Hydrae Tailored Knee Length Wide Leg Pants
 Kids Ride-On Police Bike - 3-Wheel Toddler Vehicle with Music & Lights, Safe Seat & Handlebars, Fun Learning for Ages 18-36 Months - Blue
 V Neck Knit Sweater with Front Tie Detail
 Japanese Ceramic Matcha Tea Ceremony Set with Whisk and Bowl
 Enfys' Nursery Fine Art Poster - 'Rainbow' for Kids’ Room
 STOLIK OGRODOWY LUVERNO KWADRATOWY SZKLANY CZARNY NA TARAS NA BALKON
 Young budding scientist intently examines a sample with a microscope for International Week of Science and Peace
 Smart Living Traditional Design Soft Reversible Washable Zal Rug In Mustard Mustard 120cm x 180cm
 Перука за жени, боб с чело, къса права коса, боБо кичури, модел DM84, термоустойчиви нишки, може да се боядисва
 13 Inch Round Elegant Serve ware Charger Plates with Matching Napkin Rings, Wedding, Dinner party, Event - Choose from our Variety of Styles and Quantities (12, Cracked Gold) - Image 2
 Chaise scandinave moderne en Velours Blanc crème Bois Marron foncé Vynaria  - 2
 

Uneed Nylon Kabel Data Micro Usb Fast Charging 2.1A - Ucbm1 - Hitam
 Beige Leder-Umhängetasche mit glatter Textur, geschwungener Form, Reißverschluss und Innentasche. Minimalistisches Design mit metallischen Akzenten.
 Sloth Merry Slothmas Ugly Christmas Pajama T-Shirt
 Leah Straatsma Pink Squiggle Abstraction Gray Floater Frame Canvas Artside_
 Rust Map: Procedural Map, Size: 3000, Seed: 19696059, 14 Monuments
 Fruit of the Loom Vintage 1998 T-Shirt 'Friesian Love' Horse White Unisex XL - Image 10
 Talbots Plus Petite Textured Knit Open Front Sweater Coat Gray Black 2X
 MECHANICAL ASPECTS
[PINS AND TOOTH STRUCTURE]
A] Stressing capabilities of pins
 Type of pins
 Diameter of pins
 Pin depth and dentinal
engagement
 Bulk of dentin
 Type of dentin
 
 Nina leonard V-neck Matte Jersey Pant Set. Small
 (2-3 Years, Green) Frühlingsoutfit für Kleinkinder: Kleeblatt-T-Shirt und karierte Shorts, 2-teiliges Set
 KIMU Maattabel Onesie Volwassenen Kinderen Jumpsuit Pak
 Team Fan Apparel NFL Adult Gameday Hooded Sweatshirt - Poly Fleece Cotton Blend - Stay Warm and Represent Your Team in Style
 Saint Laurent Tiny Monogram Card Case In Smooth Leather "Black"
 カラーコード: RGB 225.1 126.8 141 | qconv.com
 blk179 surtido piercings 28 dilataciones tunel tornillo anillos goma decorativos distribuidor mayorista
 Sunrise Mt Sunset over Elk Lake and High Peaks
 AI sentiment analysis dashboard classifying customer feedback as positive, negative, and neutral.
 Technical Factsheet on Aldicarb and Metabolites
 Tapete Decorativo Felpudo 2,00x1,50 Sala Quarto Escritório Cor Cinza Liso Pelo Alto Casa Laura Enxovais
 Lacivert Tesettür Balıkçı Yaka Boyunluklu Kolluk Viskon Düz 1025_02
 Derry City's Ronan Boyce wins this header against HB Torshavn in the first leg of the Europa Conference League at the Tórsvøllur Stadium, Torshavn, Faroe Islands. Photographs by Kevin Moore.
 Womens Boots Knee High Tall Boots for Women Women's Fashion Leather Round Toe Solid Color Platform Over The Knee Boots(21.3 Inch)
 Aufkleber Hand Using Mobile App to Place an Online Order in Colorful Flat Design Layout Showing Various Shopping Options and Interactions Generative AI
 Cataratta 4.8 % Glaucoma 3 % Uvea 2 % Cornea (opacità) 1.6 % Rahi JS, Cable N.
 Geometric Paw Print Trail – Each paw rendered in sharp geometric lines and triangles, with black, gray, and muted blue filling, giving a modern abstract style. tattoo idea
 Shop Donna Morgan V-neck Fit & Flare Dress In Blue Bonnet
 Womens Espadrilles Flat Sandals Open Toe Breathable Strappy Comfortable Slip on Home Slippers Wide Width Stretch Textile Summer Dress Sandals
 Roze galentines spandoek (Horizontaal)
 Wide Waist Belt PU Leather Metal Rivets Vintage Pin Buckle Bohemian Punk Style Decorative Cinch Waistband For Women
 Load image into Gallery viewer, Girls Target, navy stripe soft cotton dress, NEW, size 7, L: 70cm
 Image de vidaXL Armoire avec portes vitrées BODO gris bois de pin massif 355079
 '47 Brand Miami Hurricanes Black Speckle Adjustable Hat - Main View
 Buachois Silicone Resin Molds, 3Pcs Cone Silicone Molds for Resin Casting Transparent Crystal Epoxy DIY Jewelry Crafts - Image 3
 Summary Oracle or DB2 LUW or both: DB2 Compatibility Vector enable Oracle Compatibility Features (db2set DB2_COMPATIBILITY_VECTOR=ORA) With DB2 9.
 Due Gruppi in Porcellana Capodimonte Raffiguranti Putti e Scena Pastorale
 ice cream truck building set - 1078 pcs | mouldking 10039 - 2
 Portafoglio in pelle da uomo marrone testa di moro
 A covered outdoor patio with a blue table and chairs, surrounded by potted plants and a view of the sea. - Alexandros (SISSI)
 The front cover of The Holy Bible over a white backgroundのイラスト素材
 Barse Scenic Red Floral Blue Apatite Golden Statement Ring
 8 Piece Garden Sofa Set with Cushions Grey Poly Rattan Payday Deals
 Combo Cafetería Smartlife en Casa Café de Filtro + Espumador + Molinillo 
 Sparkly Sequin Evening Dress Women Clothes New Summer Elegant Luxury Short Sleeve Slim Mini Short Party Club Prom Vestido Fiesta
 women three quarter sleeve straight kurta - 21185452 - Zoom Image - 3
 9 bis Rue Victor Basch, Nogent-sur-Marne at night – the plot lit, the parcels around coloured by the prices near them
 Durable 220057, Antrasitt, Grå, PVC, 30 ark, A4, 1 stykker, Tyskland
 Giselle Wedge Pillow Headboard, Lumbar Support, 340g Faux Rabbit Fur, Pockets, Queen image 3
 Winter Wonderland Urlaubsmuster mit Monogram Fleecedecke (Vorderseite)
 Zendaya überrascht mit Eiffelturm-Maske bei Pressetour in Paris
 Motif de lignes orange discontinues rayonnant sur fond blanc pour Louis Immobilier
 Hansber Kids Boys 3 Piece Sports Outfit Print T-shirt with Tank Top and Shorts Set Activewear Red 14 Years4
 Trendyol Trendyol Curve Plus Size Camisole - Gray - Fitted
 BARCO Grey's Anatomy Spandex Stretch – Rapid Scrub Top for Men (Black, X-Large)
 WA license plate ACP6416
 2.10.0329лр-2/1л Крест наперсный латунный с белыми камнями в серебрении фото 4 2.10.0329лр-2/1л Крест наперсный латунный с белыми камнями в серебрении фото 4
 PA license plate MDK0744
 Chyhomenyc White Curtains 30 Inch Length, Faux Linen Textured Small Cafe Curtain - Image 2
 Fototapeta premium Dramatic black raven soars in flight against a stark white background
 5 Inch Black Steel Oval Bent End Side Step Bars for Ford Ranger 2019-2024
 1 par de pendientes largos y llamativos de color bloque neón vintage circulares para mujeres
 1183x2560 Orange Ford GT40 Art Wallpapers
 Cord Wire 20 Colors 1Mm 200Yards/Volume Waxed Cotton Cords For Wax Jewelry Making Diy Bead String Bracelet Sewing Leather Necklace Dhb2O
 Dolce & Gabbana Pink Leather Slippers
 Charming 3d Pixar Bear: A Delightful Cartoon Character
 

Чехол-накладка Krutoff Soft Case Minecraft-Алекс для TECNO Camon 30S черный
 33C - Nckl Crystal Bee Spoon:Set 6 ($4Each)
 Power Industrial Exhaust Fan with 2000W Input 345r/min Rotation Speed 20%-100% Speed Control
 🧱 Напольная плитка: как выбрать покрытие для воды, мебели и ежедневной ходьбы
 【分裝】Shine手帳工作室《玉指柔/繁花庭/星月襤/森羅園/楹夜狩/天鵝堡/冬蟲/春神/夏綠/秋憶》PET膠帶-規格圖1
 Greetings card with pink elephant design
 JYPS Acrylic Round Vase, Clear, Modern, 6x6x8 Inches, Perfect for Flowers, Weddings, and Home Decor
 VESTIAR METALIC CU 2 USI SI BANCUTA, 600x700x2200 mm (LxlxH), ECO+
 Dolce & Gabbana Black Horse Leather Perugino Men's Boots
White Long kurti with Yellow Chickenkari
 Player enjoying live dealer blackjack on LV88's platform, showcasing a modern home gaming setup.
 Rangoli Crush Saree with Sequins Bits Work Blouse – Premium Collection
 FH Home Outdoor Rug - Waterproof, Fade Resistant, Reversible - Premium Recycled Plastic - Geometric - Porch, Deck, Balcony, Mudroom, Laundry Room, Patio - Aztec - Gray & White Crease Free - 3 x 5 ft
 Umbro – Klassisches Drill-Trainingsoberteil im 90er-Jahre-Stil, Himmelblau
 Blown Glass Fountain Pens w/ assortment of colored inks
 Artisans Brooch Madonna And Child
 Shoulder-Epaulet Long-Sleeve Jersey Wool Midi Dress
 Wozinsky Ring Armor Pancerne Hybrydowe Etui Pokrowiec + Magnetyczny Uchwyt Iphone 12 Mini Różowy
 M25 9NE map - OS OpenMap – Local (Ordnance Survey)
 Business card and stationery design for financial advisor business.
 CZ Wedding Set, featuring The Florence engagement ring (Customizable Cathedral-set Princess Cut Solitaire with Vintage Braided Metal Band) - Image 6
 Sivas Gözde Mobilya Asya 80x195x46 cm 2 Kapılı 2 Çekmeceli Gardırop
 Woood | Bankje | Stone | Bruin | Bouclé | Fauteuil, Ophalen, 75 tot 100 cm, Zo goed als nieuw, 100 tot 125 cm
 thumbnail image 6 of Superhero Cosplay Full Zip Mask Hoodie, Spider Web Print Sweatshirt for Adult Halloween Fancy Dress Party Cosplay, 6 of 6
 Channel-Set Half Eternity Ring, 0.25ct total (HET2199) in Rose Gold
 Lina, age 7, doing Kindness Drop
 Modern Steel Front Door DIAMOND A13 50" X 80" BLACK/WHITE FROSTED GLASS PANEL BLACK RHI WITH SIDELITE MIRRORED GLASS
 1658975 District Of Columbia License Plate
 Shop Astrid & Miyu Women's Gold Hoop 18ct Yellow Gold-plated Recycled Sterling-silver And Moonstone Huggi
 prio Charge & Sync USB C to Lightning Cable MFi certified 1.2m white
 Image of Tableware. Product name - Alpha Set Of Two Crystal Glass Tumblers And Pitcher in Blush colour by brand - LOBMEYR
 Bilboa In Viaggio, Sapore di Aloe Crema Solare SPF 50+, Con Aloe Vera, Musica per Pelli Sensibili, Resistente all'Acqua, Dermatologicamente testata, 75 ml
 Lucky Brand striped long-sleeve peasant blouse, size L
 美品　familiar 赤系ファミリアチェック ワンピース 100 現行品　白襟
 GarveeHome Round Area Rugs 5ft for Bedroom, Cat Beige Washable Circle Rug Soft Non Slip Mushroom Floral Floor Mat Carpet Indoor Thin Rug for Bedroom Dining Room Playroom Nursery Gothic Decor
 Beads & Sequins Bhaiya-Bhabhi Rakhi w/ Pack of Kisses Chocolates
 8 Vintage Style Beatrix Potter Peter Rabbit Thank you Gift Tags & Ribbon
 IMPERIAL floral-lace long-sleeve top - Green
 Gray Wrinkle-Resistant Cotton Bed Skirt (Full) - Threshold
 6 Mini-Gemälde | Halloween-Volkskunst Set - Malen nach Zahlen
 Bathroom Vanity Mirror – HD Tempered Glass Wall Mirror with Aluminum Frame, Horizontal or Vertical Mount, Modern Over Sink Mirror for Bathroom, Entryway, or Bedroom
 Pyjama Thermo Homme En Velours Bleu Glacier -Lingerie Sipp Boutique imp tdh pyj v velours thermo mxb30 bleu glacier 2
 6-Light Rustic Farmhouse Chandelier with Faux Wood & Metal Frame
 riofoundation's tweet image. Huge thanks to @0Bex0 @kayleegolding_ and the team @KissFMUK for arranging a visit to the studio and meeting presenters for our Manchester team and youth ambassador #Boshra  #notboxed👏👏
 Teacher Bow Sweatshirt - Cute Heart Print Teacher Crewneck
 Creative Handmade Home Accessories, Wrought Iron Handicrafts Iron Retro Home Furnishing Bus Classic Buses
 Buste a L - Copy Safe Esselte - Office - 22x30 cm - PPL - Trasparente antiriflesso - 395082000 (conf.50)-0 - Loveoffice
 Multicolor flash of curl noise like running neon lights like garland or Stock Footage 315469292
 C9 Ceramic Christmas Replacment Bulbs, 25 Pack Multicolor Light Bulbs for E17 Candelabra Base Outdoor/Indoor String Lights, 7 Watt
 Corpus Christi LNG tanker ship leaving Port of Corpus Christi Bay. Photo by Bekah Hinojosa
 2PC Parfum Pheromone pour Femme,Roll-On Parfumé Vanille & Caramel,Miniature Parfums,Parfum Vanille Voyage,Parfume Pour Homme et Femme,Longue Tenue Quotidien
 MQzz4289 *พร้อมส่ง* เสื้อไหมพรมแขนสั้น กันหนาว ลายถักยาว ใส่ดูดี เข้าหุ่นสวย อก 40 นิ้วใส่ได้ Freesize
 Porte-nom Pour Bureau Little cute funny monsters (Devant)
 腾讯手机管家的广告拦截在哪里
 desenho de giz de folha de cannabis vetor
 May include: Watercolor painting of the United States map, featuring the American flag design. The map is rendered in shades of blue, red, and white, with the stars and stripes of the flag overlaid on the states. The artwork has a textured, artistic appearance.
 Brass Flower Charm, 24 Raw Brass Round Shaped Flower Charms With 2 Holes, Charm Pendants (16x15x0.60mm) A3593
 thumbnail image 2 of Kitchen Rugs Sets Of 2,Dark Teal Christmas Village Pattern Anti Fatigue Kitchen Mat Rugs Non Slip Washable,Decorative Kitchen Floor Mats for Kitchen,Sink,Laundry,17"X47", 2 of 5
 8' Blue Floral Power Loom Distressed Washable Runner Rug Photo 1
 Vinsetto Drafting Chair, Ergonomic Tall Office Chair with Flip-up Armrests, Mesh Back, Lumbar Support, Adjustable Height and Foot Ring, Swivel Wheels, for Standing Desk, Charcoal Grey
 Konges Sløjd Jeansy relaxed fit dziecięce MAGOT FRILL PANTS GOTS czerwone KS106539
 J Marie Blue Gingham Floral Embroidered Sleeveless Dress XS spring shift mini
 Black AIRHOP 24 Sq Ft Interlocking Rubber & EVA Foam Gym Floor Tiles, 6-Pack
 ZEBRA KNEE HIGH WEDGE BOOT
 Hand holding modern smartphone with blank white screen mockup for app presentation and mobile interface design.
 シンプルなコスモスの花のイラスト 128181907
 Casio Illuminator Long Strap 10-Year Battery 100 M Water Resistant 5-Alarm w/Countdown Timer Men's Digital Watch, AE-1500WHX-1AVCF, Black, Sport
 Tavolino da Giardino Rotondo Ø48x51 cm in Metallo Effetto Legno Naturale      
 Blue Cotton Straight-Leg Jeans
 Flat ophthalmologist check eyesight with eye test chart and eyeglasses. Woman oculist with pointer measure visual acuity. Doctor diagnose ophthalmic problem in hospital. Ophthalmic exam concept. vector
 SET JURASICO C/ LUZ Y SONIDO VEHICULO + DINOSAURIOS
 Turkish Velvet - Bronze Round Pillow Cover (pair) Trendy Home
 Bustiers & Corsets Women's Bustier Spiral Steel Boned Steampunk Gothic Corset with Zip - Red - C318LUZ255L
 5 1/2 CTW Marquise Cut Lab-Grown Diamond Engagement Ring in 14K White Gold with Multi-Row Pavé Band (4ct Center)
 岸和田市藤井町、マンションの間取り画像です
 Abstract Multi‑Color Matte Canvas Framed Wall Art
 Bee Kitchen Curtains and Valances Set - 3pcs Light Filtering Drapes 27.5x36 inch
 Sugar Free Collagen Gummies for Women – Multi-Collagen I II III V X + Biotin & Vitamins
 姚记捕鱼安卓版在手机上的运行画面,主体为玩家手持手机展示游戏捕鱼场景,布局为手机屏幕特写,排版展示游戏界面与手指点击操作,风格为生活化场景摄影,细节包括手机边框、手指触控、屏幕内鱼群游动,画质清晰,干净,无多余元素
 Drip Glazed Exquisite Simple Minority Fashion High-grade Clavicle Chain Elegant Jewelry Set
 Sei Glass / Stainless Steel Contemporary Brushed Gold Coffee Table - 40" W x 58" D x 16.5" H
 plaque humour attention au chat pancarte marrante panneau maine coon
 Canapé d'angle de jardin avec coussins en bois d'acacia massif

********

In the data above, find the line that contains "Porte-nom Pour Bureau" and the line that contains "desenho de giz de folha de cannabis vetor". Repeat exactly those lines and every line between them, and only those.

Solution below:
 Porte-nom Pour Bureau Little cute funny monsters (Devant)
 腾讯手机管家的广告拦截在哪里
 desenho de giz de folha de cannabis vetor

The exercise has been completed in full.